In this Friday, Oct. 6, 2017, photo, workers build an apartment and retail complex in Nashville, Tenn. On Wednesday, Dec. 6, 2017, the Labor Department issues revised data on productivity in the third quarter. (AP Photo/Mark Humphrey)
December 06, 2017 - 5:54 AM

WASHINGTON - U.S. worker productivity rose 3 per cent in the third quarter, the best showing in three years, while labour costs fell for a second straight quarter.

The increase in productivity in the July-September quarter was double the 1.5 per cent gain in the second quarter and both quarters were up significantly from a scant 0.1 per cent rise in the first three months of the year. Labor costs fell 0.2 per cent after an even bigger 1.2 per cent decline in the second quarter.

The third quarter figure for productivity was unchanged from an initial estimate while labour costs were initially estimated to have risen by 0.5 per cent.

Economists are hopeful that the upturn in productivity may be a sign that this key measure of living standards is improving after a prolonged period of weakness.

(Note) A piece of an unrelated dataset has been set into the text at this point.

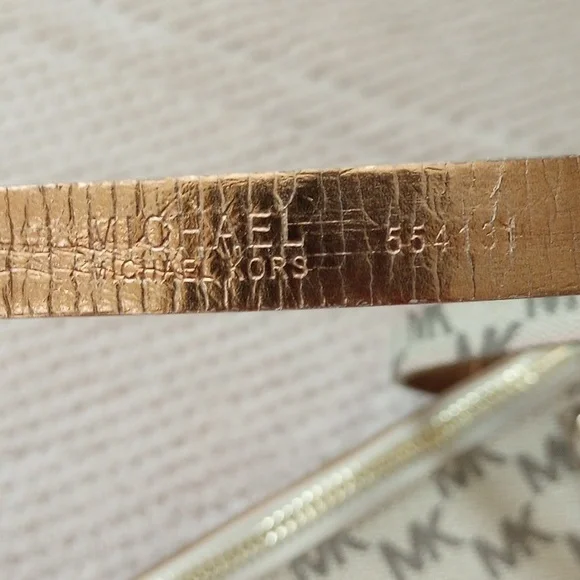 Michael Michael Kors Belt Bag - Picture 8 of 9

Economists believe finding ways to increase productivity, the amount of output per hour of work, is the biggest challenge facing the economy right now. They say that without an improvement, the Trump administration will have difficulty reaching its goal of doubling economic growth in coming years.

The upturn in the past two quarters reflects the fact that overall output, as measured by the gross domestic product, accelerated sharply following a weak start to the year. GDP grew at an annual rate of 3.3 per cent in the third quarter, the government reported last week, and that followed a 3.1 per cent rise in the second quarter. It was the first back-to-back GDP gains of 3 per cent or better in three years.

Productivity actually declined in 2016, dropping 0.1 per cent. It was the first annual decline in 34 years and followed a string of weak annual performances since the economy emerged from recession in mid-2009.

Productivity has averaged annual gains of just 1.2 per cent from 2007 through 2016, a sharp slowdown from average annual gains of 2.6 per cent from 2000 to 20007. Those increases reflected a boost from the increased use of computers and the internet in the workplace.

Rising productivity allows employers to boost wages without triggering higher inflation.